Opam 1.2.0 will be actively deprecated in favour of opam 1.2.2, which now becomes the only supported stable release.

Why deprecate opam 1.2.0

OPAM 1.2.0 was released in October 2014, and saw rapid uptake from the community. We did some rapid bugfixing to solve common problems, and OPAM 1.2.2 was released in April 2015. Since then, 1.2.2 has been a very solid release and has been the stable version in use to date.

Unfortunately, part of the bugfixes in the 1.2.2 series resulted in an opam file format that is not fully backwards compatible with the 1.2.0 syntax, and the net effect is that users of 1.2.0 now see a broken package repository. Our CI tests for new packages regularly fail on 1.2.0, even if they succeed on 1.2.2 and higher.

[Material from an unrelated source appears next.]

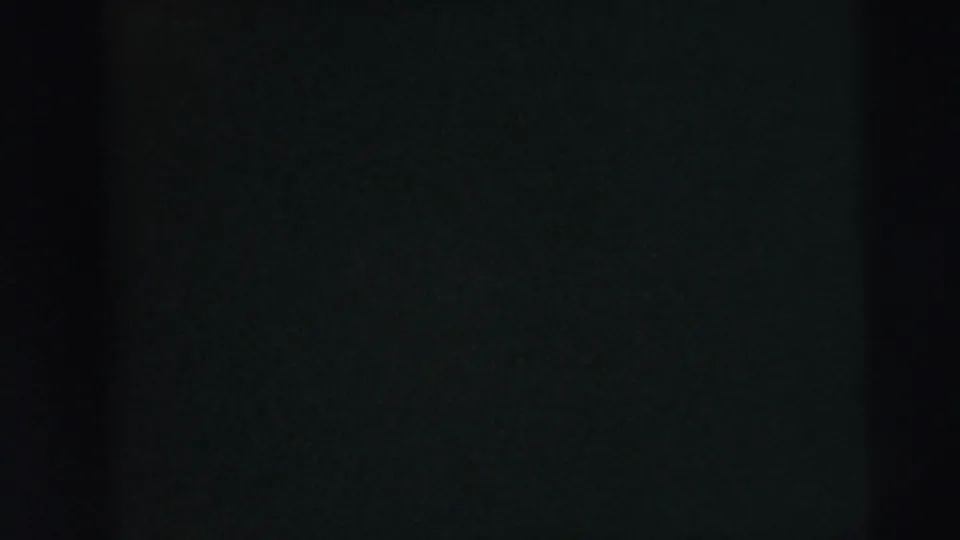 A dark 8mm transition frame shows faint color and shadow, with no clearly identifiable subject visible.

As we prepare the plan for 1.2.2 -> 2.0 migration, it is clear that we need a "one-in one-out" policy on releases in order to preserve the overall health of the package repository -- maintaining three separate releases and formats of the repository is not practical. Therefore the 1.2.0 release needs to be actively deprecated, and we could use some help from the community to make this happen.

Who is still using opam 1.2.0?

I found that the Debian Jessie (stable) release includes 1.2.0, and this is probably the last major distribution including it. The Debian Stretch is due to become the stable release on the 17th June 2017, and so at that point there will hopefully be no distributions actively sending opam 1.2.0 out.

How do we deprecate it?

The format changes, although small, would cause errors on 1.2.0 users with the main repository. To avoid those, as was done for 1.1.0, we are going to redirect users of 1.2.0 to a frozen mirror of the repository, making new package updates unavailable to them.

If there are any remaining users of opam 1.2.0, particularly industrial ones, please reach out (e.g. on Github). By performing an active deprecation of an older release, we hope we can focus our efforts on ensuring the opam users have a good out-of-the-box experience with opam 1.2.2 and the forthcoming opam 2.0.